BenFranklin Celeabration |
Don Smith is the current leader of the Ben Franklin Birthday Celebration, which is held at 9 AM every year, on January 17th [NS], starting at the American Philosophical Society's Franklin Hall on Chestnut Street, once a very substantially-built bank building. The constituent members are affiliated with one of the thirty-odd organizations which Franklin founded, although anyone interested is welcomed. On what usually turns out to be the coldest day of the year, the birthday celebrants gather for hot drinks and cookies, followed by one or two really outstanding lectures about Franklin. Sometimes the lecture's connection to Franklin is a little stretched, but all of them are excellent. At 11 AM, the group marches together to Ben's grave at 5th and Arch for a short ceremony, led by Franklin re-enactors and honest-to-goodness members in the uniform of the National Guard, which Franklin founded. He did so when the Spanish and French ships were bombarding the coast, and as the editor of the town's newspaper, Franklin called for troops to defend us. The Quaker government declined to be violent, so Franklin published an invitation for volunteers to bring their guns and join him. Ten thousand showed up, and Franklin's career in public life was established. He was a hero to everyone -- except Thomas Penn, who saw him as a threat. Much subsequent Colonial history revolves around this episode and its consequences.

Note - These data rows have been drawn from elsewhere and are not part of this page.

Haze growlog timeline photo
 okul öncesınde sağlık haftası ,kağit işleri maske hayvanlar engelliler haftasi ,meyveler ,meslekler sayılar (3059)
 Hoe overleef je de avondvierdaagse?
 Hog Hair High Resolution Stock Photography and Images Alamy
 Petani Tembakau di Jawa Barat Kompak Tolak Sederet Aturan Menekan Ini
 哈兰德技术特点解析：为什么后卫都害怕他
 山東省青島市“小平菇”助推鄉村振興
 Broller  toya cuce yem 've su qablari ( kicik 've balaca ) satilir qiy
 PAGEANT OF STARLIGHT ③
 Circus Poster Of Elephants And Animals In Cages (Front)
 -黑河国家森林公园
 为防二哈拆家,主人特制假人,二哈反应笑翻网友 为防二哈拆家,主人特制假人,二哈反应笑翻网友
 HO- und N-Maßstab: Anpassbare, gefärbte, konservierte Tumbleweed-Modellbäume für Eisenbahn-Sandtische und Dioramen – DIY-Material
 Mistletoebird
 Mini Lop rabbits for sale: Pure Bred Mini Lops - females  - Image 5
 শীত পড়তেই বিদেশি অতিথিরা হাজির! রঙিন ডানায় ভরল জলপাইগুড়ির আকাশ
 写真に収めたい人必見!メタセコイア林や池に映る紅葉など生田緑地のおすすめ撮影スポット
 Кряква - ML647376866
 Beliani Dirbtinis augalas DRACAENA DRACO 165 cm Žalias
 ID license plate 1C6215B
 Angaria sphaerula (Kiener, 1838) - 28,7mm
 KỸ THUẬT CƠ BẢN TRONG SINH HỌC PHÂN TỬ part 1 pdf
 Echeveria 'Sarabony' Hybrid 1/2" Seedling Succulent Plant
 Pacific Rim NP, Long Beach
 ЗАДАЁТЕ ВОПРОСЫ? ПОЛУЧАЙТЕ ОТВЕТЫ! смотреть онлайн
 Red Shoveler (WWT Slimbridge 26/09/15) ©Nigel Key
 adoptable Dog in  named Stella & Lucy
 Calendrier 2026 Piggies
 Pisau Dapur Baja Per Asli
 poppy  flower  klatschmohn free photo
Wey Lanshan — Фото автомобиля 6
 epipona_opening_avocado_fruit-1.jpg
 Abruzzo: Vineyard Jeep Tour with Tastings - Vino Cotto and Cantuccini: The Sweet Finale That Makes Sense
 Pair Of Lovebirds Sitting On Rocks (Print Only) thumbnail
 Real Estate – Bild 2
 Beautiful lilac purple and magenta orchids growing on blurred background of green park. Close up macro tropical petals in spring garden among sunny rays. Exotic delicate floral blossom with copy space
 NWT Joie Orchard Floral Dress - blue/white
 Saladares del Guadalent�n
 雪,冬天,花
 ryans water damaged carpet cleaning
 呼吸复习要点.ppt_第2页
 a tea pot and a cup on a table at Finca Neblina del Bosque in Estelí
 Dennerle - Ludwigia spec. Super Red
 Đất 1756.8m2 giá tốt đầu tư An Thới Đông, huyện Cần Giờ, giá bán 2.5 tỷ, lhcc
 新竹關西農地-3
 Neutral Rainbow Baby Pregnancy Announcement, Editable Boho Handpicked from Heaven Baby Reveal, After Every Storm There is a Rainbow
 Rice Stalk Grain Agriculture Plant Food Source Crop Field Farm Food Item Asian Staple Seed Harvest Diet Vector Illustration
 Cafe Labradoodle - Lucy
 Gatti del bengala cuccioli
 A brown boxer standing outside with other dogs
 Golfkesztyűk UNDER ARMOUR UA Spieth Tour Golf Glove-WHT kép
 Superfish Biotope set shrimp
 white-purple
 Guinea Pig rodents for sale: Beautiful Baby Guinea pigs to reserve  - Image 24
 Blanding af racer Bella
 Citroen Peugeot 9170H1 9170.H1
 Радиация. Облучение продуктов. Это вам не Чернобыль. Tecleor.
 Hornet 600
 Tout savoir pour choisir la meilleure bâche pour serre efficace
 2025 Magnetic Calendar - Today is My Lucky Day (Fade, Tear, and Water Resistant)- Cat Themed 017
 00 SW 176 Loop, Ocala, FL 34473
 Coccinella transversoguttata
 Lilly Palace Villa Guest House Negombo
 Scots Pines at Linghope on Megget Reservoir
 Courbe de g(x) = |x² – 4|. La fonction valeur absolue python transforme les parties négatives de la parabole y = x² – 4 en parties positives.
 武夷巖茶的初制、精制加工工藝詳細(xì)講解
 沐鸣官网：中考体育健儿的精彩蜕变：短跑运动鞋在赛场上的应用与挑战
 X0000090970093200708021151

After the march, the group settles down for a good lunch, and hears yet another outstanding lecture. This year it was given by Paul R. Levy, the President of a planning organization called the Center City District. Steve's message this year was about how the streets of Center City Philadelphia were constructed for walking, or at most riding horseback. That is, they were narrow. They widened somewhat as they went West and had to accommodate a city of carriages. That was quite good enough through the Gilded Age, when Philadelphia could credibly claim to be the richest city in the world.
Auotmoblie |
But then what happened was not the two World Wars, the stock market crash of 1929, or anything resembling that. What happened in Paul Levy's view, was the automobile. Hundreds, then thousands of autos filled the streets, scattering chickens and children, and eventually making the city impassible. Nothing would do but to move to the suburbs, which among other things provided the thrill of driving too fast and too carelessly, and reducing the pedestrians while increasing the business of accident rooms. There was certainly no room for bicycles, which were driven away without a tear being shed, and defying the efforts of city planners to find a safe place for them. Europe, good old Europe where we came from, was more successful in hounding the imposter autos off the bike paths of Amsterdam and Copenhaven. And preserving intercity high speed train service, at great taxpayer expense. Those Europeans really know how to live, in sidewalk cafes, unaffected by bicycles, preserving a much older collection of narrow city streets leading to empty cathedrals, in Germany, France, and Central Europe. That wasn't the American way, at all. We just pulled up sticks and moved to the suburbs, abandoning the dirty old defeated cities to their ethnic neighborhoods.
It's a novel theory, and maybe even a correct one. It could explain a lot, if Philadelphia is seen as a victim of Detroit, strangling on their mutual industrial excesses.